Far Right, Euroskeptics Make Big Gains in EU Vote

BRUSSELS (AP) —

Exit polls showed the far right and Euroskeptics making sweeping gains in European Parliament elections Sunday, signaling a major political shift toward parties that want to slash the European Union’s powers or abolish it altogether.

Polls in recent days had predicted Euroskeptics could snag as many as a third of the seats in the EU’s 751-seat legislature in the vote ending Sunday.

One of the most significant winners appeared to be France’s far-right National Front. Two polling companies said the party, led by Marine Le Pen, was outright winner in France with one-quarter of the popular vote.

Voters in 21 of the EU’s 28 nations voted Sunday. The other seven countries had already voted, in a sprawling exercise of democracy that began Thursday in Britain and the Netherlands.

The results — official returns were expected later Sunday — will help determine the bloc’s future leaders and course.

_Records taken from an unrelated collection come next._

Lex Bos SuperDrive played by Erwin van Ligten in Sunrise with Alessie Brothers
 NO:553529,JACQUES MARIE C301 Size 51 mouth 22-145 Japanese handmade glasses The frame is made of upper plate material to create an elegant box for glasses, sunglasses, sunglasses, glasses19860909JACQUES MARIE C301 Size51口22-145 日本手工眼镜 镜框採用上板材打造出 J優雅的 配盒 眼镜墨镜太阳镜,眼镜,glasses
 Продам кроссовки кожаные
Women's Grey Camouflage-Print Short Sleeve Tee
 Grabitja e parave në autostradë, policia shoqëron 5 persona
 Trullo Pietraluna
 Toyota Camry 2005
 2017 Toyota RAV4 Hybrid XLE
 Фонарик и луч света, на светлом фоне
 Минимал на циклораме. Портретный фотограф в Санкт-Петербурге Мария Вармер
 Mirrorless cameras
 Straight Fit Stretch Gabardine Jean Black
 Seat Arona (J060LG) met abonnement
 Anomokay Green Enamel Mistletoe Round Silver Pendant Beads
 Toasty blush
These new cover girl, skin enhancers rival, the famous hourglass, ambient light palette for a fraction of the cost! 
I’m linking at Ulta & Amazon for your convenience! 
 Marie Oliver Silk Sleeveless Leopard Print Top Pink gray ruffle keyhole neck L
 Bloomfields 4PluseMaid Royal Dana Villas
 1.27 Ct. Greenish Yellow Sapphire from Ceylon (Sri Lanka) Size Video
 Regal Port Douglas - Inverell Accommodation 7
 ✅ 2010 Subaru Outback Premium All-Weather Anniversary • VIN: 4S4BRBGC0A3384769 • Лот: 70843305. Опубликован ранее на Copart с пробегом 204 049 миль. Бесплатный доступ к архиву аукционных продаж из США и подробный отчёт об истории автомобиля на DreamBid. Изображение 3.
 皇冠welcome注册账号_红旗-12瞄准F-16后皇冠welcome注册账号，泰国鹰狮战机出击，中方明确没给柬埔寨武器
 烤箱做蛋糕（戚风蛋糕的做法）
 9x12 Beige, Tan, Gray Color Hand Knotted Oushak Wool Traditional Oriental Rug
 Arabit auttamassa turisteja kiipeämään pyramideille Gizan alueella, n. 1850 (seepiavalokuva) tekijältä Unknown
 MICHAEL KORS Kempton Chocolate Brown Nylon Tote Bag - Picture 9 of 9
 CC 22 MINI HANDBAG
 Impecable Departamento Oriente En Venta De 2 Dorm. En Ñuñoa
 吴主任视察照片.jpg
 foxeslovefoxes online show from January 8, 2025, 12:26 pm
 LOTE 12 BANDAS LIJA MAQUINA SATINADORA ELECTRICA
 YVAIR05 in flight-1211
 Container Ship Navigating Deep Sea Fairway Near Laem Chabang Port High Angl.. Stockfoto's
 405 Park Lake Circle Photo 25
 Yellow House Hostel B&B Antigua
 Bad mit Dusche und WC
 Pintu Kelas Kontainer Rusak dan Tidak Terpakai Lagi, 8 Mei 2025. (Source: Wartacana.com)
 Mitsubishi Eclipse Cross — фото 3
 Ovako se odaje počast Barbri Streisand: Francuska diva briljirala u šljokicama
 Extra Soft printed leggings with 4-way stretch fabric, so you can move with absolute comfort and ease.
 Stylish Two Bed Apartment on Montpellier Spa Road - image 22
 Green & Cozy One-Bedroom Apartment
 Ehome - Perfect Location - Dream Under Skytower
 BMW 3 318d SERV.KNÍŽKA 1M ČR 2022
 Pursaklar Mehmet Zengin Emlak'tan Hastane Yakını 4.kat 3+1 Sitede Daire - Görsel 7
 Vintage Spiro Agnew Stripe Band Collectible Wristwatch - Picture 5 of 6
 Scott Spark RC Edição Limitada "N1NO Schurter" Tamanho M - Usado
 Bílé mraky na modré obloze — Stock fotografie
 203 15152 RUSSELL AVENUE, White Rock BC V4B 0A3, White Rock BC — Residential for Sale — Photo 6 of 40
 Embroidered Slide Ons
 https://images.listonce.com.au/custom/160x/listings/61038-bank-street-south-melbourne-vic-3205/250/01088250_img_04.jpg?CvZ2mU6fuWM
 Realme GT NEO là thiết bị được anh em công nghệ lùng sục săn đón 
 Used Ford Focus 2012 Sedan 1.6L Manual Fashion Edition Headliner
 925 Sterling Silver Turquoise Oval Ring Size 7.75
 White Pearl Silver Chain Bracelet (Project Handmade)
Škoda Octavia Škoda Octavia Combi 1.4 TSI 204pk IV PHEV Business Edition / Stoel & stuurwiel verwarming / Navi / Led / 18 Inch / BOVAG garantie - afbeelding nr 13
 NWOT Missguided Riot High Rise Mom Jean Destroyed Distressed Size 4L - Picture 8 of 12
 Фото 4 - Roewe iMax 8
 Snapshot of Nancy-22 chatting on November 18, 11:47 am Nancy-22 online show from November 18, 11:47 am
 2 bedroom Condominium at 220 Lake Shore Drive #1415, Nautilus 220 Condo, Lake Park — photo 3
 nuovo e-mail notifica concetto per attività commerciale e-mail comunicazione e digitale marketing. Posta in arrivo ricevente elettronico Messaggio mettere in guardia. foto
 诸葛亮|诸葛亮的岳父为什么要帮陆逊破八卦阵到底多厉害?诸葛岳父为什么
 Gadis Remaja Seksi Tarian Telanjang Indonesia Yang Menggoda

They could herald changes in EU policy in areas ranging from border control and immigration to a new trade and investment agreement being negotiated with the U.S.

The National Front was not the only party benefiting from widespread disillusionment with the EU.

Unofficial exit polls reported a surge in support for Britain’s UKIP party.

Pollsters said the Danish People’s Party was also on target to become Denmark’s biggest party with 23 percent of the vote, and a year-old party in Germany that wants that country to stop using the euro single currency reportedly won 6.7 percent of the vote.

Reacting to her party’s strong showing, Le Pen said Sunday, “This hope should unite us.”

In the Netherlands, however, the right-wing Euroskeptic Party for Freedom surprisingly dropped from second to fourth place.

Even in victory, unity may be hard to find in the fractured Euroskeptic camp.

Le Pen has said she will work in the Parliament with the Dutch Party for Freedom, but UKIP leader Nigel Farage has ruled out cooperating with both those parties, which have stridently anti-immigrant platforms.

“We won’t work with right-wing populists,” Alternative for Germany’s leader Bernd Lucke also said after the vote, insisting his party was generally in favor of the EU despite its rejection of the common currency.

The European Parliament estimated turnout as almost identical to the last election in 2009, at 43.1 percent.